Lectures sur les pauvres

Les bibliographies ne manquent pas, dans mon livre
(même si j'ai essayé de les faire moins denses que dans les essais universitaires).

Cette page permet tout de même de corriger des oublis, d'insister sur la qualité de certains livres
ou de relever des propos qui me touchent particulièrement.

J'ai découvert Majid Rhanema longtemps après avoir écrit mon essai, en relisant les livres de Serge Latouche, économiste du développement cité plusieurs fois dans "Merci les pauvres !"

Majid Rahnema, iranien, était diplomate et enseignant. Il avait 82 ans lorsqu'il a fait le bilan d'une vie d'engagement auprès des pauvres. Son livre est une somme de 450 pages étonnantes et stimulantes pour ceux qui cherchent à porter un regard nouveau et positif sur la pauvreté.

Majid Rahnema critique le fait que dans nos sociétés capitalistes nous ne parvenons plus à imaginer qu'on puisse mener une existence digne d'être vécue en dehors de l'abondance matérielle.

Il dénonce le fait que le développement fondé sur le modèle de la croissance des richesses matérielles a tranformé les formes de pauvreté conviviale présentes dans de nombreuses sociétés, en vies misérables (la misère étant la non-satisfaction des besoins fondamentaux).

Son livre commence ainsi : "Ce livre est avant tout le fruit d'une conversation ininterrompue avec moi-même. Depuis que le mot pauvreté est entré dans mon vocabulaire d'enfant, je n'ai cessé de m'interroger sur son mystère." J'aurais pu commencer "Merci les pauvres !" par les même mots.

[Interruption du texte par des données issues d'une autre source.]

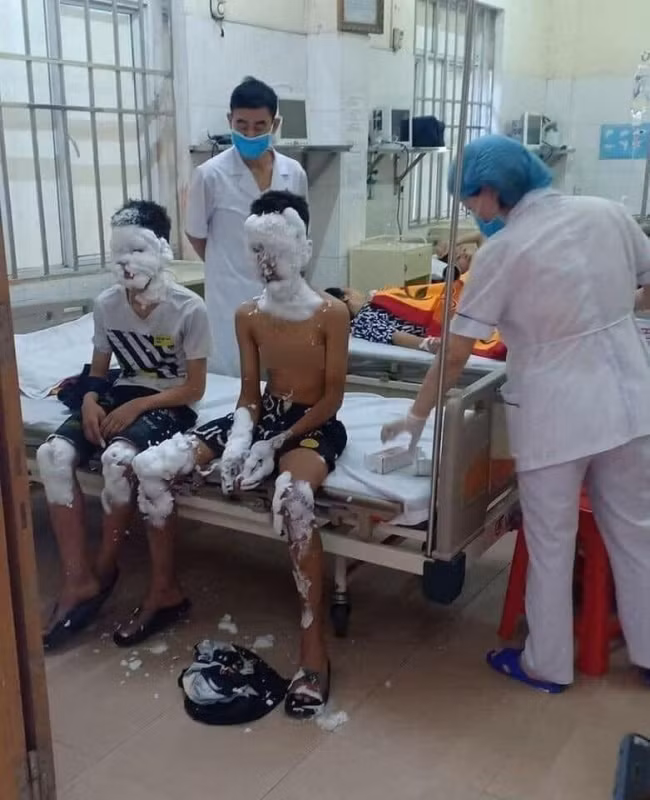 Nạn nhân của pháo nổ tự chế. Nạn nhân của pháo nổ tự chế.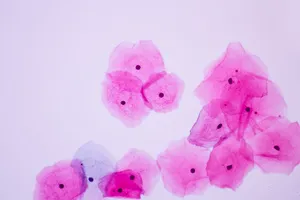 자궁경부암-예방접종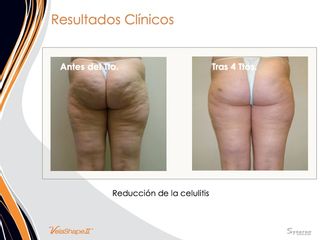 Reducción de la celulitis y el contorno con VelaShape
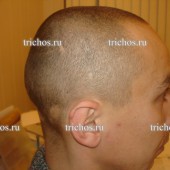 Пациент А1 через 6 месяцев.Очаговая алопеция.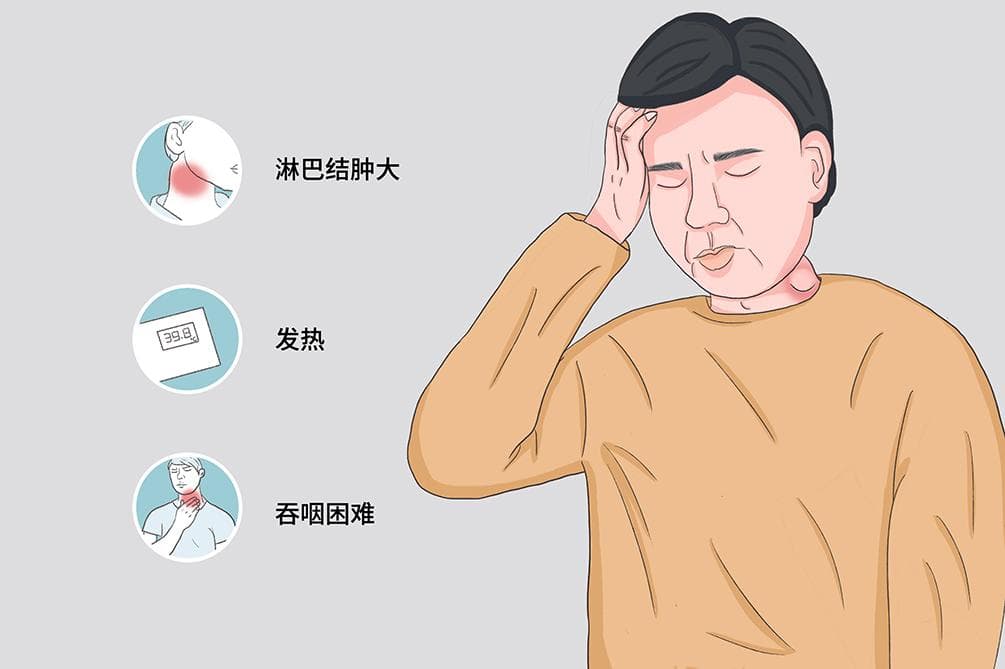 套细胞淋巴瘤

Je conseille à tous ceux qui s'interrogent sur les inégalités de lire cet auteur : car pour lui, la pauvreté est une puissance, pas une faiblesse.

Je fais plusieurs fois référence à ce grand penseur des inégalités dans "Merci les pauvres". Sa vision de la pauvreté comme absence de "capabilités" est pour moi un apport majeur à la réflexion sur les inégalités.

Si je le replace ici, c'est parce que son analyse des inégalités repose sur une analyse profondément humaniste de la pauvreté. D'origine indienne, Amartya Sen sait de quoi il parle.

Je pourrais citer si abondamment Amartya Sen que cela relèverait du plagiat. Je vous conseille de le lire, même si son livre est très épais : il est clair dans ses raisonnements et surtout il appuie souvent son propos en citant des romanciers, poètes et penseurs engagés, tels Dickens, Shakespeare ou la féministe Mary Wollstonecraft.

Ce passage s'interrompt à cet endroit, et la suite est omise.